There was a long wait between our appetizers and the delivery of our main courses, which meant I ate more of the tasty rolls than I probably should have. Thankfully, I still had enough room for my Southwest scallops dish, which was superb. The scallops were perfectly prepared, and the dried-cherry risotto was just creamy enough; the sweetness of the roasted corn worked nicely with the subtle spiciness from the poblano pepper and the chimichurri sauce. This dish was splendid in all ways but one: There were only three medium-sized scallops included.

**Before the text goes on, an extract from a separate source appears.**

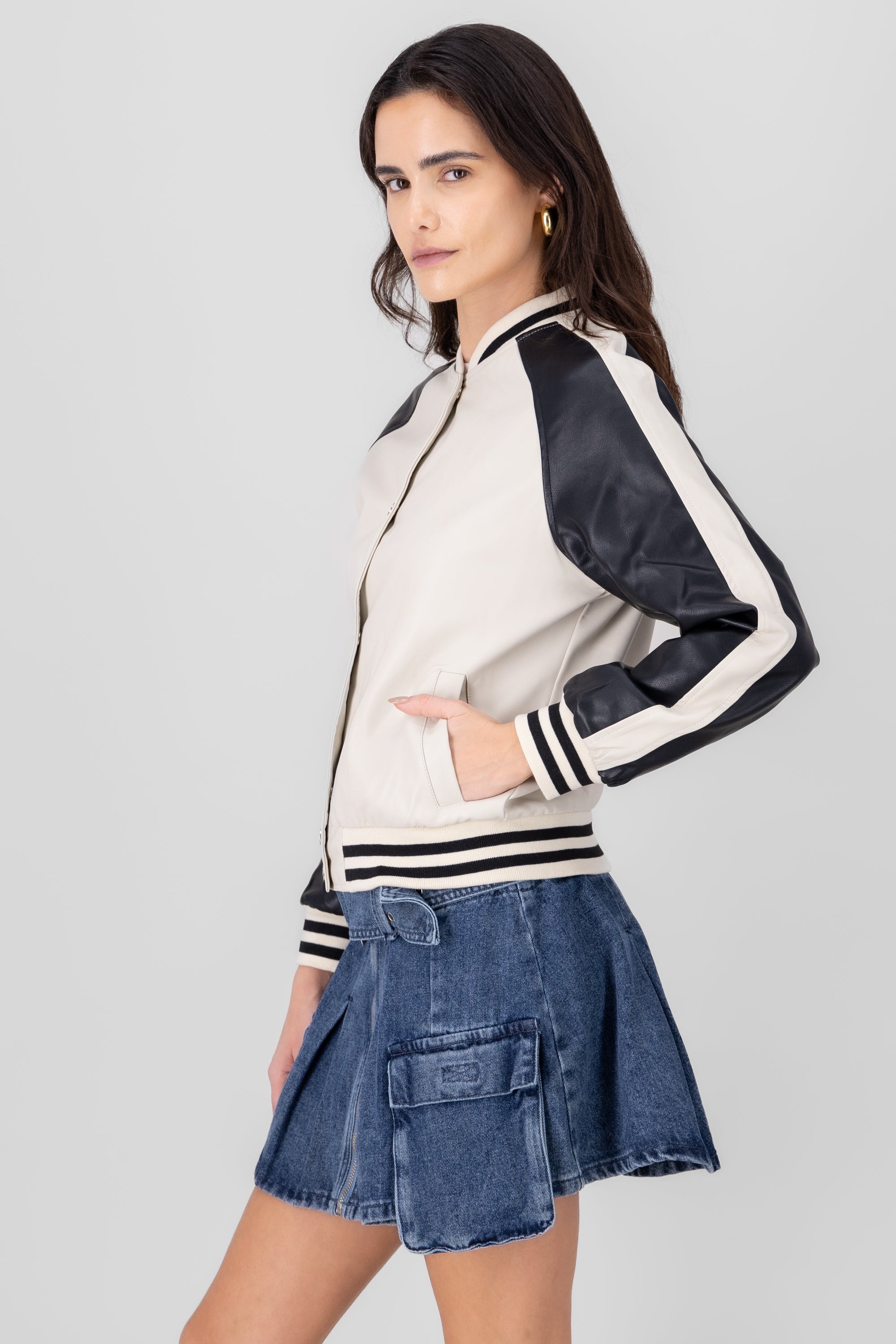 Chamarra bomber efecto piel NEGRO BLANCO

Whereas I loved my risotto, Garrett was unhappy with his, for good reason: It was clumpy, dry and unpleasant. The flavor was nice, infused with the taste of the mushrooms (portobello, crimini and oyster), but too much moisture had been cooked out. It was hard to believe that the same kitchen could send out these two wildly varying risottos at the same time.
On a happy note, the five grilled shrimp atop Garrett's risotto were divine, as was the broccolini.
Our server didn't offer us dessert; he simply asked if we were finished. Well, we did want dessert, and we ordered the bread pudding ($7). While I liked the bourbon glaze, the pudding itself was overly dense and decidedly so-so.
As we dealt with the check, we encountered one last service snafu: The server took my credit card, and returned with only the same, single copy of the check I was given to start. He apologized and said that because of an error, a new receipt didn't print, and he didn't want to risk a double-charge by running my card again. He asked me to sign the original receipt and give it to him.
"Well, how will I get a copy?" I asked. He thought about it for a moment and said he'd go to the front desk and make a photocopy.
First, a customer should never need to ask for a copy of a receipt. Second, every restaurant sales system I have ever seen offers the ability to print a duplicate receipt; methinks there may be a training issue here.
There's potential at the R+R Grill; the atmosphere is pleasant, and that Southwest scallops dish proves that the kitchen can do some nice work. But the service issues I encountered—from the start of my lunch visit through the conclusion of my dinner visit—are too serious for me to recommend this restaurant.